Monitoring care and treatment

The practice had a comprehensive programme of quality improvement activity and routinely reviewed the effectiveness and appropriateness of the care provided by carrying out audits. Where appropriate, clinicians took part in local and national improvement initiatives.

  • The practice performance was above average against national quality indicators included within the QOF national scheme. At the time of the inspection the practice was unaware that exception reporting (the removal of patients from monitoring due to either contra indication of treatment or failure to attend for review) in 2017/18 had risen from the previous year. This had resulted in the number of exceptions being significantly higher than both local and national averages. For example, the exception rate from the annual asthma review measure was 31% compared to the clinical commissioning group (CCG) average of 5% and England average of 8%. Within two days of inspection the practice had undertaken an audit and produced data from their clinical database that showed the actual exception rates to be much lower than reported due to patients attending for their treatment, test or review after the exception code had been added to their record. This occurred because the practice offered additional reminders (up to six compared to the required three) after the exception had been approved by a GP.
  • The practice used information about care and treatment to make improvements.
  • The practice was actively involved in quality improvement activity. Where appropriate, clinicians took part in local and national improvement initiatives.

Effective staffing

Staff had the skills, knowledge and experience to carry out their roles.
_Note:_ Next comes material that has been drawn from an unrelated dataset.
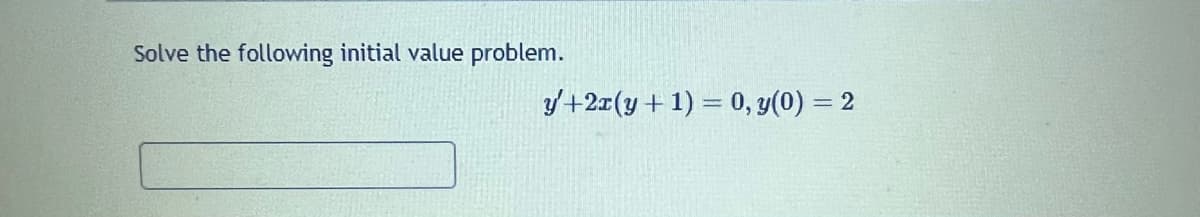Solve the following initial value problem.
y' +2x (y + 1) = 0, y(0) = 2
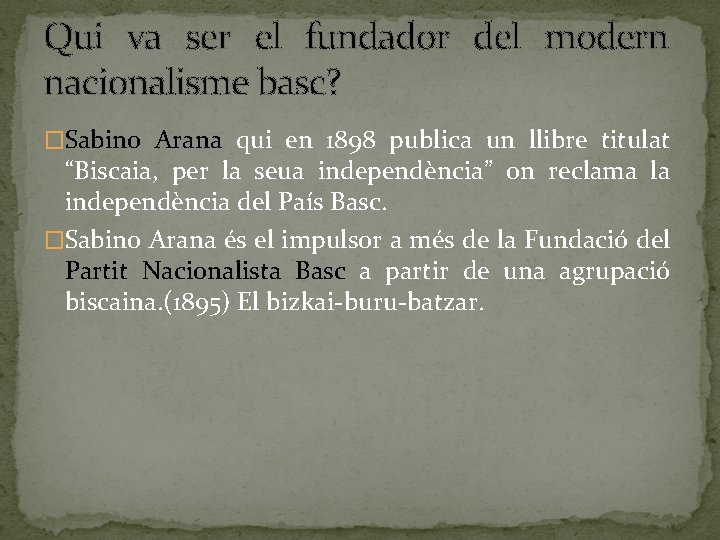 Qui va ser el fundador del modern nacionalisme basc? �Sabino Arana qui en 1898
  • Staff had appropriate knowledge for their role, for example, to carry out reviews for people with long term conditions, older people and people requiring contraceptive reviews.
  • The practice had undertaken a review of staffing to expand the clinical team. This had resulted in recruitment of clinical pharmacists and a physiotherapist.
  • Staff whose role included immunisation and taking samples for the cervical screening programme had received specific training and could demonstrate how they stayed up to date.
  • The practice understood the learning needs of staff and provided protected time and training to meet them. Up to date records of skills, qualifications and training were maintained. Staff were encouraged and given opportunities to develop. Staff gave us examples of training courses they had attended. Practice nursing staff were encouraged to expand their skills. For example, one member of the nursing team had received additional training to enable them to review the care of patients with respiratory problems.
  • The practice provided staff with ongoing support. There was an induction programme for new staff. This included one to one meetings, appraisals, coaching and mentoring, clinical supervision and revalidation.
  • There was a clear approach for supporting and managing staff when their performance was poor or variable.

Coordinating care and treatment

Staff worked together and with other health and social care professionals to deliver effective care and treatment.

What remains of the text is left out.